In Little Shop of Horrors, the denizens of Skid Row sing about the indignities they face when they travel uptown. Life below 14th Street might not be a picnic, but they know that it’s where they belong. The same is true of Alan Menken and Howard Ashman’s cult-classic turned community theater staple of a musical, which loses its necessary edge when it’s wrested from the gritty world of its creation.
The first time this show transferred to the Main Stem, in 2003, the result was an unmitigated disaster. After an out-of-town tryout that saw the director and all but one member of the principal company fired, the production settled into the cavernous Virginia Theatre, which swallowed up its intimacy and charm with enough gusto to make the murderous Audrey II proud. The reviews were mixed, the sales were poor.
Little Shop once again finds itself in the West 40s, though it’s current location is theoretically more suitable to the material’s small scale. Nestled in the upstairs space at the Westside Theatre, which seats about 300, the performers shouldn’t have to mug and preen to communicate the dark comedy to the audience. And mostly, they don’t. But this new production, under the direction of Michael Mayer, often feels as anemic as the hapless clerk Seymour Krelborn after he’s fed a few pints of his own blood to his ferocious flytrap.
Mayer has a knack for sanding away the sharp edges of whatever he’s staging — a quality on display recently in his Disneyfied La Traviata at the Met and his sitcomish, spark-free Burn This on Broadway.

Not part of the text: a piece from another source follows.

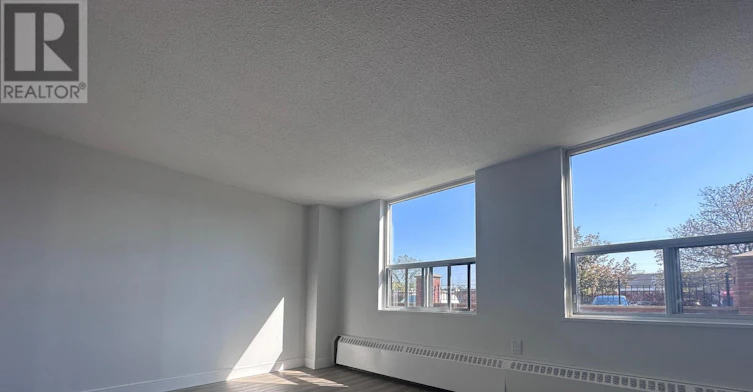 109-1060 Caven Street, Mississauga, ON, L5G 4J5 - 8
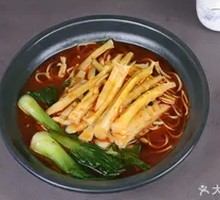 酸辣笋丝面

Here, he doesn’t seem to comprehend that the musical, at its heart, is a satire of the cheap comic movies like the one on which it’s based, and of the social mores of the 1950s and early 1960s.
Mayer’s production — with overblown sets (by Julian Crouch) that look more designer-chic than derelict, and costumes (by Tom Broeker) that wink a touch too knowingly at anachronism — looks like it was built for Universal Studios, a pleasant and passive entertainment for families to take in after they’ve finished up at the Wizarding World of Harry Potter.
When Seymour starts feeding humans to the ever-expanding Audrey II, the action provokes neither a sense of knowing spoofery or any real thrills and chills. And Mayer doesn’t seem to understand the tragic dimensions at play in the relationship between Seymour and Audrey I, the much-mishandled shopgirl who gives the terrorizing plant its name.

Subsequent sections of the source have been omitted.